South Coast Graduate Student Creates "Singing Robot" To Study Robot-Human Communication
Whether you use iPhone’s Siri, Amazon’s Alexa or a Roomba vacuum, robots are becoming an everyday part of our lives. As technology advances, the reliance on robots will be even more commonplace. That’s why a South Coast graduate student is trying to improve robot-human communication.
Meet ROVER. It's a six-foot tall robot that uses heat sensors to detect people and rolls toward them. Then, ROVER sings a song. The robot was built by Hannah Wolfe, a doctoral student in the Media, Arts and Technology Program at UC Santa Barbara.

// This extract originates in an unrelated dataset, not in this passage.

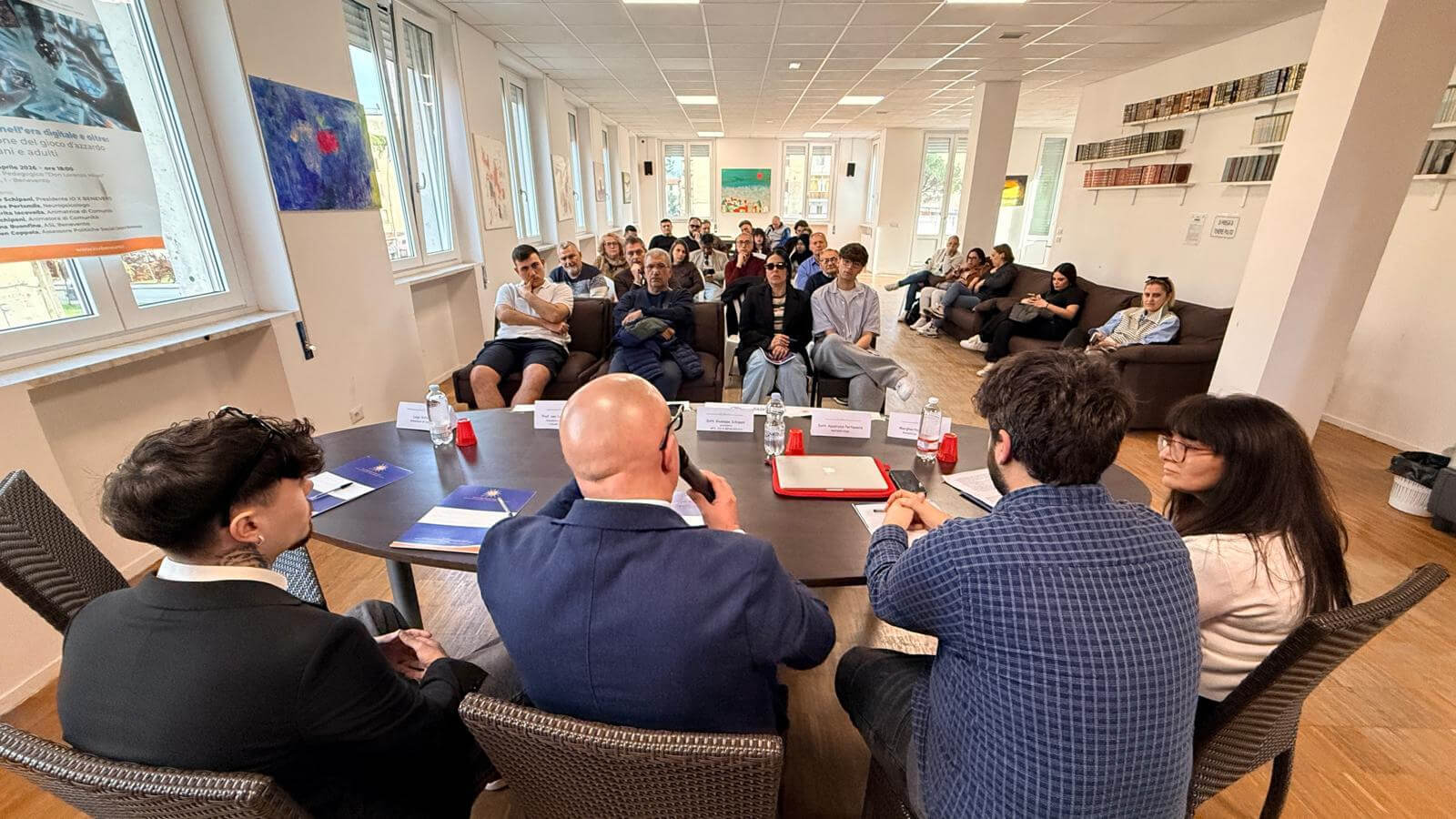 IO X Benevento porta avanti la conferenza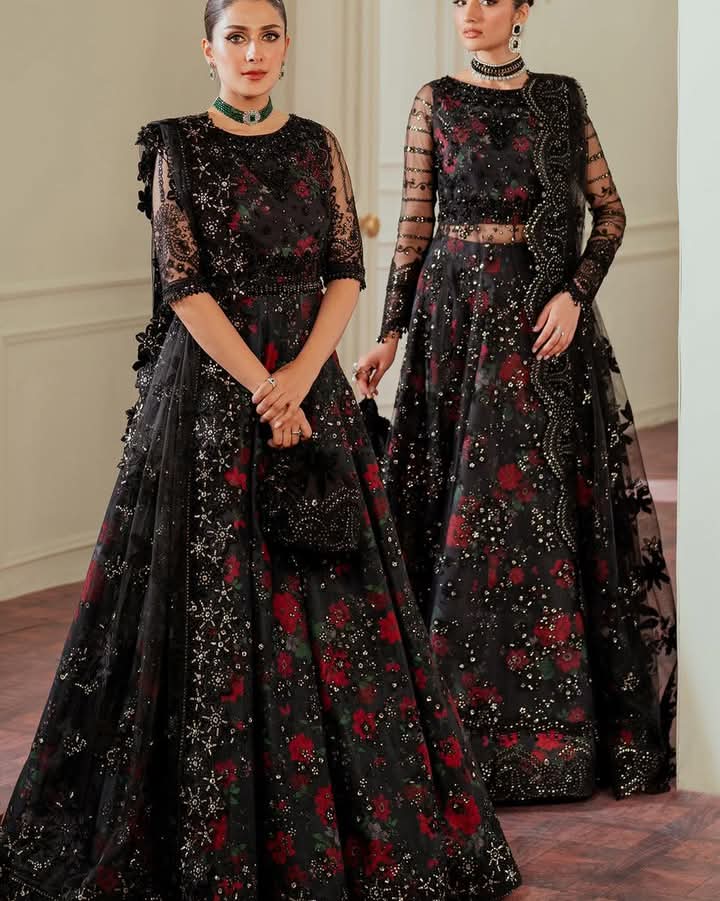 Baroque Chantelle EMBROIDERED NET CH13-05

“I was looking at human-robot interaction and how we can communicate emotions and ideas nonverbally with technology,” she said.
Wolfe said such communication will become increasingly important.
“We’re going to be interacting with this technology, and we need to figure out a way that we can interact with it in a fluid, easy way. We want it to be a pleasant experience. And, we want it be a user-friendly experience. We want to make people’s lives better,” she said.
Wolfe created an algorithm that generates both happy and sad sounds with a mix of beeps and chirps. In her study, she analyzed people’s reactions to ROVER making these sounds.
“I think the happy sound definitely made me feel happy. It made me smile. The sad sound – I’m not sure I interpreted as sad – but it did make me feel a little bit more calm than the happy sound. So, it worked a bit for me,” said Sara Lafia, a UCSB graduate student studying geography.
And, Solen Kiratli is a graduate student in UCSB’s Media, Arts and Technology Program.
“I didn’t get very much affected by the sad sounds, I must say. But the happy sounds were a bit uplifting,” she said.
While neither Lafia nor Kiratli participated in the study, their reactions were similar to Wolfe’s findings. Happier sounds made people feel happier.
“You can have robots communicate emotion through sound without words, and that is a valid interaction," Wolfe said.
For Lafia, it was a fascinating encounter.
“When it sings to me, I feel like I’m looking at it, but I’m not sure where to look. I’m not sure how to quite interact with it. It’s just an interesting experience for me as somebody just standing in the room to not really know where to look at it but feeling an emotional reaction to it,” she said.
Having that “emotional reaction” is exactly what Wolfe was hoping for. It shows that true communication was happening between a human and a robot. She says now the focus is on fine-tuning the robot sounds as a way to effectively communicate.
“A happy sound could mean ‘yes’ or ‘I agree with you.’ Or, a sad sound might mean ‘Don’t do that.’ Maybe you have a sound that means ‘Get out of my way’ and how do you communicate those things through sound. That’s where I’m looking at,” Wolfe said.
UCSB professor JoAnn Kuchera-Morin, who’s her faculty advisor, says Wolfe is on the right track.
“We want to be able to approach communicating with it in such a way that it’s believable that we can actually communicate with this technology,” she said.